Книга составлена из статей, печатавшихся в дальневосточных газетах. «Стороннее» замечание: как устарела форма «фельетона», казавшаяся еще недавно столь новой… Короткий рассказ вначале, потом переход к делу, чем-то со вступительным рассказиком связанному, потом несколько «хлестких штрихов», короткие фразы, точки и какая-нибудь фиоритура в конце. Невозможно читать, невыносимо. Еще, пожалуй, об «отцах города», которые что–то там недосмотрели насчет освещения Дворянской улицы, так подходило писать. Но о России и судьбе ее — невозможно.

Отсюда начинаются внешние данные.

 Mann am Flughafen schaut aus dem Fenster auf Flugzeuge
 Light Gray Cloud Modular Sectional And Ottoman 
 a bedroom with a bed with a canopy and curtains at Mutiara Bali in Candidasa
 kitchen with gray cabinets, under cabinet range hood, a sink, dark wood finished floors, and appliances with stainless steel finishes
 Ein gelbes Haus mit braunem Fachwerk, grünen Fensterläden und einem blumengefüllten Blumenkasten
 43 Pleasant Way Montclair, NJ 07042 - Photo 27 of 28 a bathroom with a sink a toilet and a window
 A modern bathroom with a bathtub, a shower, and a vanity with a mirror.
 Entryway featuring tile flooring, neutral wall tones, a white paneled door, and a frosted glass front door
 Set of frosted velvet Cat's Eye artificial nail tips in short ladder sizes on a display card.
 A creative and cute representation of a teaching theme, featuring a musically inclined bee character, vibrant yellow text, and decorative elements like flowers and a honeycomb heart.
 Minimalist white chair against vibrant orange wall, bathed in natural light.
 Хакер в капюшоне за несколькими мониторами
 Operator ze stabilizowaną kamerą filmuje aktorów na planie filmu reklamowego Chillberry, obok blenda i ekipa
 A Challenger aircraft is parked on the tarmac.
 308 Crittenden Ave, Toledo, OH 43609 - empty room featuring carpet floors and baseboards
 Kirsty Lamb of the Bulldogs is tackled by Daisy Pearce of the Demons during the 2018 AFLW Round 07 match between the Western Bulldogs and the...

< «ХУДОЖНИК НЕИЗВЕСТЕН» В. КАВЕРИНА >
Это одна из тех пяти-шести, самое большое – десяти советских книг, которые за год, действительно, стоило прочесть. Повторю то, что мне уже не раз приходилось говорить: кто хочет знать, что в советской литературе делается, должен, разумеется, читать все приходящие к нам из Москвы книги, или, по крайней мере, все журналы… Однако труд этот, необходимый для того, чтобы быть «в курсе дела», по существу, оказывается в огромной своей части напрасным (притом, это именно труд, а никак не удовольствие). Книги выходят сейчас в России лживые, пустые или донельзя наивные. Конечно, кое-что в них, или, вернее, сквозь них, светится, — кое о чем догадываешься, перелистывая их. Но даже информацию они дают сбивчивую и жалкую. Того, на что способна подлинная литература, — глубокой и творческой переработки случайного, сырого жизненного материала и его обобщения — в них нет и помину. И лишь очень редко попадаются книги, которые оправдывают поиски и вознаграждают за потраченное время.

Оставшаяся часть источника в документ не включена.